### WHAT TO PRODUCE
Output the data verbatim, minus the images.

** ENTRIES PROVIDED follows **

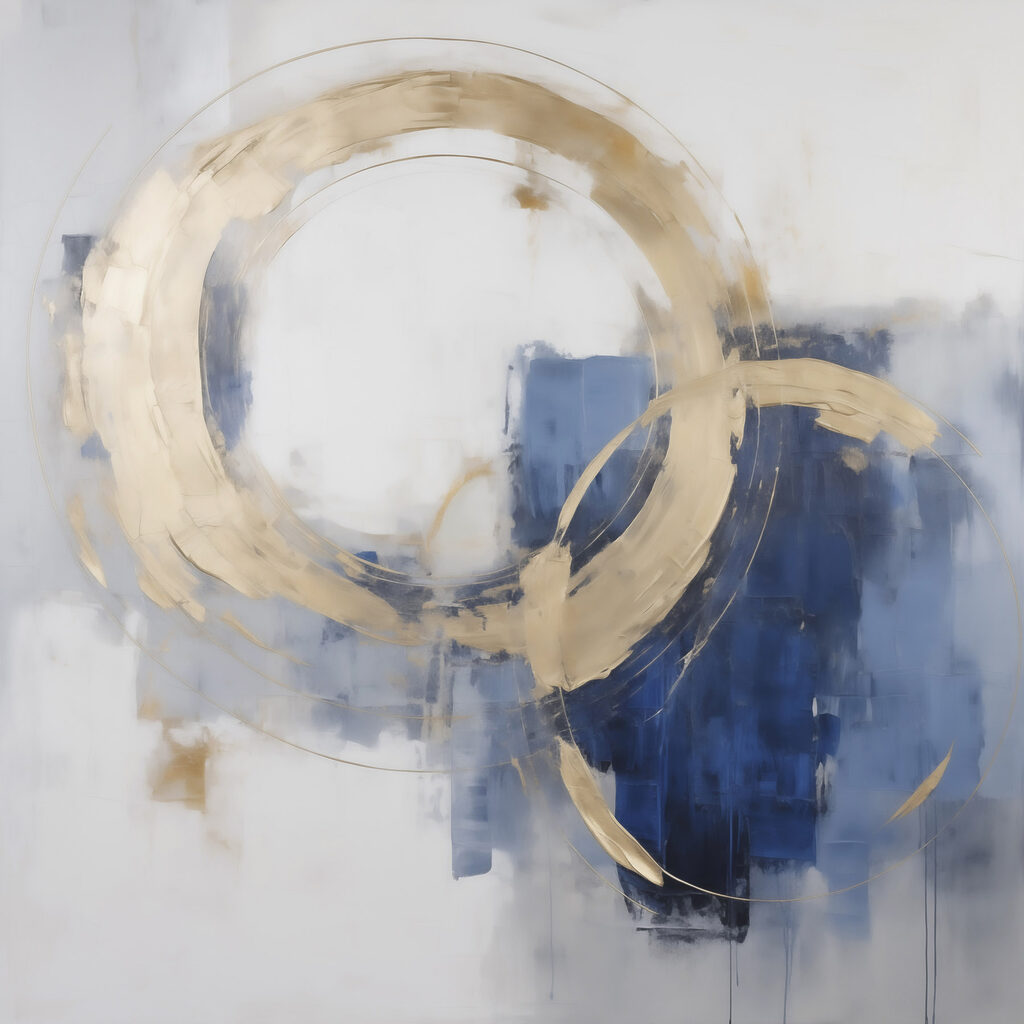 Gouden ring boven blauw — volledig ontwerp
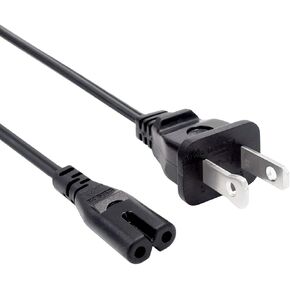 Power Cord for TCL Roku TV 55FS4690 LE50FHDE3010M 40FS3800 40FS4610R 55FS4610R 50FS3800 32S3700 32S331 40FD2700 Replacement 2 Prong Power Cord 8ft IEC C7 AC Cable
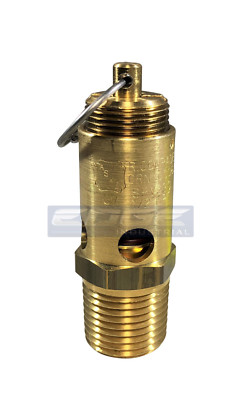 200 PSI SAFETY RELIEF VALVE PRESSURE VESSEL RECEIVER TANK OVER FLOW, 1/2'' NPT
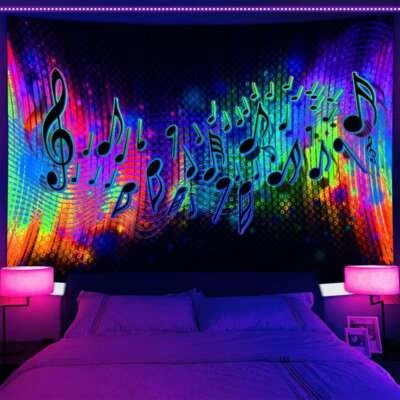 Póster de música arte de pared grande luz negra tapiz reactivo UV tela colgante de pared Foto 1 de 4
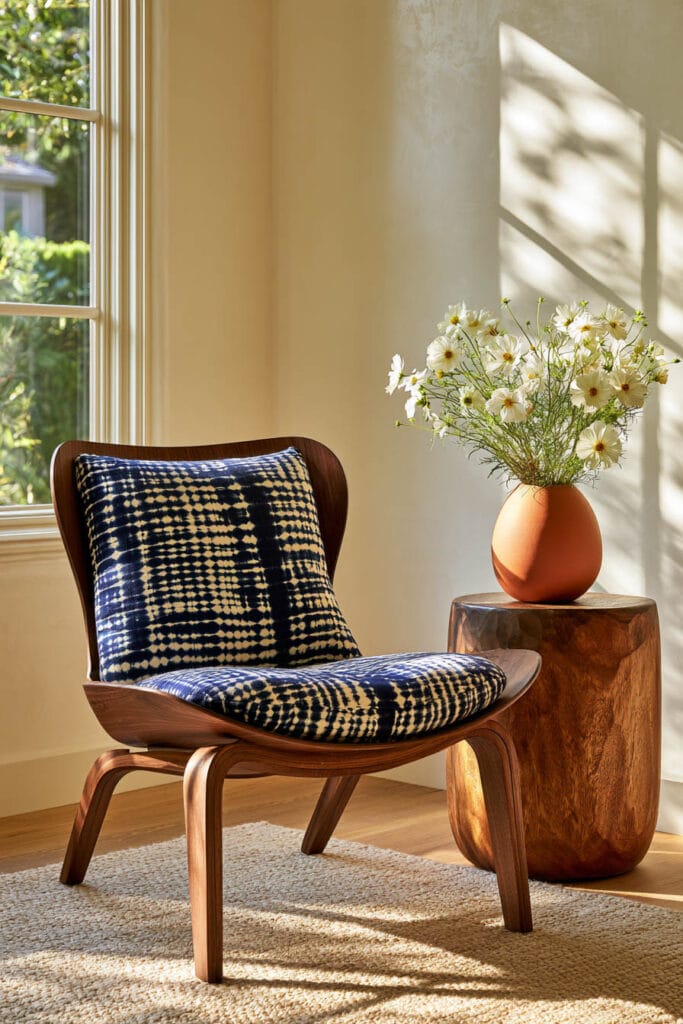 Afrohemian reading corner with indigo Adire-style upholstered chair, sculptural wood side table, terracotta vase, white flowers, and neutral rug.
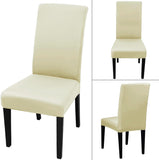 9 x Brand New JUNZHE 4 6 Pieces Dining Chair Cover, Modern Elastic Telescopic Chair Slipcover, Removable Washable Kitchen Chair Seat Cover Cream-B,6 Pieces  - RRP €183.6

** End of ENTRIES PROVIDED **

### RESULT OF THE EXERCISE
 Gouden ring boven blauw — volledig ontwerp
 Power Cord for TCL Roku TV 55FS4690 LE50FHDE3010M 40FS3800 40FS4610R 55FS4610R 50FS3800 32S3700 32S331 40FD2700 Replacement 2 Prong Power Cord 8ft IEC C7 AC Cable
 200 PSI SAFETY RELIEF VALVE PRESSURE VESSEL RECEIVER TANK OVER FLOW, 1/2'' NPT
 Póster de música arte de pared grande luz negra tapiz reactivo UV tela colgante de pared Foto 1 de 4
 Afrohemian reading corner with indigo Adire-style upholstered chair, sculptural wood side table, terracotta vase, white flowers, and neutral rug.
 9 x Brand New JUNZHE 4 6 Pieces Dining Chair Cover, Modern Elastic Telescopic Chair Slipcover, Removable Washable Kitchen Chair Seat Cover Cream-B,6 Pieces  - RRP €183.6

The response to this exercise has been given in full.